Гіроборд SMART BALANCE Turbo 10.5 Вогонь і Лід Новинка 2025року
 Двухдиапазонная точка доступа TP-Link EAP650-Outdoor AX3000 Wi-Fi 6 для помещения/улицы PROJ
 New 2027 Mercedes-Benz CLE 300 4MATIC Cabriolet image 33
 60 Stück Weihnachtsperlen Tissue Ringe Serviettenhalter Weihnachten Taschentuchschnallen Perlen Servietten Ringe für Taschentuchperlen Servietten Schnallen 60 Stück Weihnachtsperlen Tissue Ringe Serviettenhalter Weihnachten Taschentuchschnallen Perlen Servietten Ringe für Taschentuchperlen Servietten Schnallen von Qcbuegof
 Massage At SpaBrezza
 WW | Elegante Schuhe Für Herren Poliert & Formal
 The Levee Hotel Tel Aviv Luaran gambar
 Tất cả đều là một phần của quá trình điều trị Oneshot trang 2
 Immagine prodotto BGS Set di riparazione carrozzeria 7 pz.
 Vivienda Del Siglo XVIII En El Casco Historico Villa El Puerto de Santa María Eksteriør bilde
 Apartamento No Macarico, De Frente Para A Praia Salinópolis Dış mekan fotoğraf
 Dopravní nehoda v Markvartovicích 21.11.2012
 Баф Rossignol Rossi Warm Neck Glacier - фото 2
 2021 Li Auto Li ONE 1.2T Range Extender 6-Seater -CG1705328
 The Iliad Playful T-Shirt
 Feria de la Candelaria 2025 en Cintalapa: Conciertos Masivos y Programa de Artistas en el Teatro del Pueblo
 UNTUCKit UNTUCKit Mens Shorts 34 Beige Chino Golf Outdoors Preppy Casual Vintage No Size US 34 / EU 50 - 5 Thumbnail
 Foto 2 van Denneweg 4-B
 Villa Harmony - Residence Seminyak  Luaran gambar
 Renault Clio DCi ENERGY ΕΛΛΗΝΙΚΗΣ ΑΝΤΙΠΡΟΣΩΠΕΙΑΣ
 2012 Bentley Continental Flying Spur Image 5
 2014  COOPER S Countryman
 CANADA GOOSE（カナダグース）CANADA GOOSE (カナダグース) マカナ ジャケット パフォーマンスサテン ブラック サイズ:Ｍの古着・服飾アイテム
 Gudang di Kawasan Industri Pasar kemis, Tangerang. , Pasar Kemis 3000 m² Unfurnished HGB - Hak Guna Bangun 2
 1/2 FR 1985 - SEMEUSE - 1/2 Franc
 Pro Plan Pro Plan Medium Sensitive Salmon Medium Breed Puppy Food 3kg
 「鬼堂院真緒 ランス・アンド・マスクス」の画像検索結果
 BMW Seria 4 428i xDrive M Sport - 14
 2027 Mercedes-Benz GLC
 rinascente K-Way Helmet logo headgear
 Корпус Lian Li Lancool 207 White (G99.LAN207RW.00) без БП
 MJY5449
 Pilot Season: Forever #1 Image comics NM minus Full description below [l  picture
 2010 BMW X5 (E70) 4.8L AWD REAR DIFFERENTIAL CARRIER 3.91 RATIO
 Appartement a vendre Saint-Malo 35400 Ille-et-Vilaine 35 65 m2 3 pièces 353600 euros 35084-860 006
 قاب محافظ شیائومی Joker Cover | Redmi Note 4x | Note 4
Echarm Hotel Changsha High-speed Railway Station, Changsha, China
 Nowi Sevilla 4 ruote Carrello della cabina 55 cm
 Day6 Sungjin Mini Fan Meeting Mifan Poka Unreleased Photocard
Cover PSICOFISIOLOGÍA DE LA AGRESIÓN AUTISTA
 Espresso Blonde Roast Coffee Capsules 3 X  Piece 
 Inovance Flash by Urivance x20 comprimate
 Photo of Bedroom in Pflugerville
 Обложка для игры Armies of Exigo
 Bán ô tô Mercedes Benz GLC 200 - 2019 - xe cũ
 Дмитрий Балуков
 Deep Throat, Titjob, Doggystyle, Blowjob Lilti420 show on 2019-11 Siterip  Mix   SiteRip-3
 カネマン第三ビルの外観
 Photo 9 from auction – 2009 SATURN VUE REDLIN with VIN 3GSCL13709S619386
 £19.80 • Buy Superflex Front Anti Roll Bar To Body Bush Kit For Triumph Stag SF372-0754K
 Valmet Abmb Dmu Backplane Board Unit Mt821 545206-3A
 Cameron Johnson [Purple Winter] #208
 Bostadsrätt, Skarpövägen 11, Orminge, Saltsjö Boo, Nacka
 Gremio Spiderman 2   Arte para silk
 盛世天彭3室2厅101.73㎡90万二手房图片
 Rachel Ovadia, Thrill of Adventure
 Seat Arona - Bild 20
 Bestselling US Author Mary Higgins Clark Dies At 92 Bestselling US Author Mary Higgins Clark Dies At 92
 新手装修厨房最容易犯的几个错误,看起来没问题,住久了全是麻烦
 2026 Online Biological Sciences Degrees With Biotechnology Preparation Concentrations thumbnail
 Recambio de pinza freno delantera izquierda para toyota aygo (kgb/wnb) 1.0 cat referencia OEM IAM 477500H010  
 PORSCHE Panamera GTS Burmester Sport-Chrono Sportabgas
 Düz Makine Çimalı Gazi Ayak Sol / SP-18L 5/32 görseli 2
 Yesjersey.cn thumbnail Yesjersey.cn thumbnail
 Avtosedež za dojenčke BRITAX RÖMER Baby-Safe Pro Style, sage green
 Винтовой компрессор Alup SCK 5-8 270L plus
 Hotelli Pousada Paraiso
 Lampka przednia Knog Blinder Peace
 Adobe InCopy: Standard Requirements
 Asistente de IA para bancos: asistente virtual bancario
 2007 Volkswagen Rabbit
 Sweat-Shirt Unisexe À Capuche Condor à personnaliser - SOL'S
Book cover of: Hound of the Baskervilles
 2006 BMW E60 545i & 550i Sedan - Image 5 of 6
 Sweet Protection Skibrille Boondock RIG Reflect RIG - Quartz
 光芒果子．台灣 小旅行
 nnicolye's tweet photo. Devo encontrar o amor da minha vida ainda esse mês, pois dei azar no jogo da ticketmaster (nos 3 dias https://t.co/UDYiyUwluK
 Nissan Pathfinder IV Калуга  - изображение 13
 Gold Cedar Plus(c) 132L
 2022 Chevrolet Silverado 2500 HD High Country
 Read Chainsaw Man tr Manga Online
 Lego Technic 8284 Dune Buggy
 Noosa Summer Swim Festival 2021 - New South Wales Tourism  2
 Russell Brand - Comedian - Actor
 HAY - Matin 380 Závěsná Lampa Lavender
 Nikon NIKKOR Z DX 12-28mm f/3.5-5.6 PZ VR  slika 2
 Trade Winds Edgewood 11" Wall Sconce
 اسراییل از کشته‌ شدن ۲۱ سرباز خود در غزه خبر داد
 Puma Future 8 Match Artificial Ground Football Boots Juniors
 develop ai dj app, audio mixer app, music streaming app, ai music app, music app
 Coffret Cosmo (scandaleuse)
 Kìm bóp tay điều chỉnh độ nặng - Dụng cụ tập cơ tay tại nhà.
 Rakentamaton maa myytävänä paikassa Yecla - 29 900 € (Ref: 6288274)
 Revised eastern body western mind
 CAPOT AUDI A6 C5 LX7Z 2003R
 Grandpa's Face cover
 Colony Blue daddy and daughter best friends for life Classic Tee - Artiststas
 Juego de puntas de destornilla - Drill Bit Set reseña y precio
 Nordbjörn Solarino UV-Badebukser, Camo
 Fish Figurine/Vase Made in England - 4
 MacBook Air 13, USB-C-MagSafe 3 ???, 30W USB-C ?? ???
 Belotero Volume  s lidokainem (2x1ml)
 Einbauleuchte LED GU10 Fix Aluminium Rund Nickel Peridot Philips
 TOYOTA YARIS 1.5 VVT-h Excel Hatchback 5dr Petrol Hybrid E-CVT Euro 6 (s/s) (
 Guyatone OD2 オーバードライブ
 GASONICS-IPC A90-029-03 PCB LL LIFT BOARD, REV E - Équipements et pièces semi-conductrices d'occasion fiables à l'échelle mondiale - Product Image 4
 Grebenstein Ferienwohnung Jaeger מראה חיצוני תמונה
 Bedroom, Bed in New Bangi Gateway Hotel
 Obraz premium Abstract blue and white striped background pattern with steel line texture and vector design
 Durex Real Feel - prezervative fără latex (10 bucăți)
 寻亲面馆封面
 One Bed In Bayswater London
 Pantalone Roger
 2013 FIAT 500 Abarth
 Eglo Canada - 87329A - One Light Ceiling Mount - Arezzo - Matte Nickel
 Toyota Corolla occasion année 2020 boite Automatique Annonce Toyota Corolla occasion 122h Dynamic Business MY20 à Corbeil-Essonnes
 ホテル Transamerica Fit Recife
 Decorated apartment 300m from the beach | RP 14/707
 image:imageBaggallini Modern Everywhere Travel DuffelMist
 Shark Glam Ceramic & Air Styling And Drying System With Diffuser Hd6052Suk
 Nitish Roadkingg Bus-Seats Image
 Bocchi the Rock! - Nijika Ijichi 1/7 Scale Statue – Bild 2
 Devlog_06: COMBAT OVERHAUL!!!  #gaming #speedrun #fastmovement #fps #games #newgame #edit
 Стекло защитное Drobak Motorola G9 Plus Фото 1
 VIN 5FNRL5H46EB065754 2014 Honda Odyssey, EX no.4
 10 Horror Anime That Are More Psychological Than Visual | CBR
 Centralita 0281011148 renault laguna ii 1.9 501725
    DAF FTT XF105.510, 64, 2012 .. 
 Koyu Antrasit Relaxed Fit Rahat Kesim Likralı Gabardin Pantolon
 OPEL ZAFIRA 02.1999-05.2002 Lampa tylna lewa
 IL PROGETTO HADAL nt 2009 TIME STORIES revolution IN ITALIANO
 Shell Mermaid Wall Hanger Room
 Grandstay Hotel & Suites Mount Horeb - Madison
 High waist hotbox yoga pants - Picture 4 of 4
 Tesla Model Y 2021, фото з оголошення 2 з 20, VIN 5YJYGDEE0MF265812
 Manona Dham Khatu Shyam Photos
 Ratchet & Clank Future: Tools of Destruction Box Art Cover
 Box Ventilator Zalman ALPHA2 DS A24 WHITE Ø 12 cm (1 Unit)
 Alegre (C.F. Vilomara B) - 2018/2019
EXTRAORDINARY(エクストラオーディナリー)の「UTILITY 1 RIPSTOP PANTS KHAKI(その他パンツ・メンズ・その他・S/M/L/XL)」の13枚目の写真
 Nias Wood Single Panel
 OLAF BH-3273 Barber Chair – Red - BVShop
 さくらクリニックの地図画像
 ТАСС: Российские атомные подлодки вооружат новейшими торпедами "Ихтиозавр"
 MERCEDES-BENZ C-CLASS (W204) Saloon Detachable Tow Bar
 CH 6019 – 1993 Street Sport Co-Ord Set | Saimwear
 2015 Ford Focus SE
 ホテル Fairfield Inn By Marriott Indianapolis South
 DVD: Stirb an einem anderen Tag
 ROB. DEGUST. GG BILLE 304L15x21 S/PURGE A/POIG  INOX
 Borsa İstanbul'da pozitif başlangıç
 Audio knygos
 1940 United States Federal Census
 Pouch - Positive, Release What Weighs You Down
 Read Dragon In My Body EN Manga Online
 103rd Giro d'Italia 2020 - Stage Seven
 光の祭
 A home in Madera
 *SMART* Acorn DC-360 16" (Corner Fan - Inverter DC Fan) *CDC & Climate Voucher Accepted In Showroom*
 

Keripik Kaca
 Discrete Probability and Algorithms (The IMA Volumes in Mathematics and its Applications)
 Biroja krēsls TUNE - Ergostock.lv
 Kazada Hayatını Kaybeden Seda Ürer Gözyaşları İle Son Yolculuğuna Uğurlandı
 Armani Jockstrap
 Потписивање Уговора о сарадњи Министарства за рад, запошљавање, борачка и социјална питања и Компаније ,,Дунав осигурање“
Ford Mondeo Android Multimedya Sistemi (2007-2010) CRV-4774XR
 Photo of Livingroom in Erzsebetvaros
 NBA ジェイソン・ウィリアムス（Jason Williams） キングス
= = = =
Above are the records; repeat exactly the lines from the one holding "Box Ventilator Zalman" down to the one holding "Armani Jockstrap", end lines included.

 Box Ventilator Zalman ALPHA2 DS A24 WHITE Ø 12 cm (1 Unit)
 Alegre (C.F. Vilomara B) - 2018/2019
EXTRAORDINARY(エクストラオーディナリー)の「UTILITY 1 RIPSTOP PANTS KHAKI(その他パンツ・メンズ・その他・S/M/L/XL)」の13枚目の写真
 Nias Wood Single Panel
 OLAF BH-3273 Barber Chair – Red - BVShop
 さくらクリニックの地図画像
 ТАСС: Российские атомные подлодки вооружат новейшими торпедами "Ихтиозавр"
 MERCEDES-BENZ C-CLASS (W204) Saloon Detachable Tow Bar
 CH 6019 – 1993 Street Sport Co-Ord Set | Saimwear
 2015 Ford Focus SE
 ホテル Fairfield Inn By Marriott Indianapolis South
 DVD: Stirb an einem anderen Tag
 ROB. DEGUST. GG BILLE 304L15x21 S/PURGE A/POIG  INOX
 Borsa İstanbul'da pozitif başlangıç
 Audio knygos
 1940 United States Federal Census
 Pouch - Positive, Release What Weighs You Down
 Read Dragon In My Body EN Manga Online
 103rd Giro d'Italia 2020 - Stage Seven
 光の祭
 A home in Madera
 *SMART* Acorn DC-360 16" (Corner Fan - Inverter DC Fan) *CDC & Climate Voucher Accepted In Showroom*
 

Keripik Kaca
 Discrete Probability and Algorithms (The IMA Volumes in Mathematics and its Applications)
 Biroja krēsls TUNE - Ergostock.lv
 Kazada Hayatını Kaybeden Seda Ürer Gözyaşları İle Son Yolculuğuna Uğurlandı
 Armani Jockstrap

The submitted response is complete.